22 June 2008

by Rod Benson

One of the best ways we can build healthy churches is to grow positive relationships. Here are seven tips for giving criticism, adapted from John Maxwell’s teaching:

Clarify your motive. The goal should be to help, not to humiliate. Three key questions will help expose your true motives. (1) Would I criticize if it were not a personal matter? (2) Will criticism make me look better? (3) Does this criticism bring pain or pleasure to me? If it’s painful, you’re probably safe in doing it.

Look at yourself before looking at others. Instead of putting others in their place, put yourself in their place. Have you successfully done what you’re accusing the other person of failing to do? You may be the one who needs to make changes.
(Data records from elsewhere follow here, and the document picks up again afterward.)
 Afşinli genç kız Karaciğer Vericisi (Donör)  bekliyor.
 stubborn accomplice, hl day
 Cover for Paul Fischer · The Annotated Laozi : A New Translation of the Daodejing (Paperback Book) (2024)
Be specific. Say exactly what you mean and provide examples to back yourself up. If you can’t be specific, don’t confront. People can usually tell when you’re skirting an issue and will not respect you for it.

Be creative. Look beyond the problem and see if you can help them find some solutions. For most of us it’s much easier to be critical than creative. But unless you’re willing to help turn the situation around, you’re not ready to comment on the problem.

Attack the problem not the person. When a confrontation becomes a personal attack, you destroy your own credibility. The expected outcome of a confrontation should be that the offender leaves with a clear understanding of the problem and the hope that he or she can turn it around.

Confront when the time is right. If you wait too long you lose the opportunity moment and the issue becomes history. Timely intervention helps you keep the facts straight and use the incident as an opportunity help the person grow.

Begin and end confrontation with encouragement. Always sandwich criticism between praise at the beginning and encouragement at the end. To leave a discouraged person without hope is cruel and vindictive.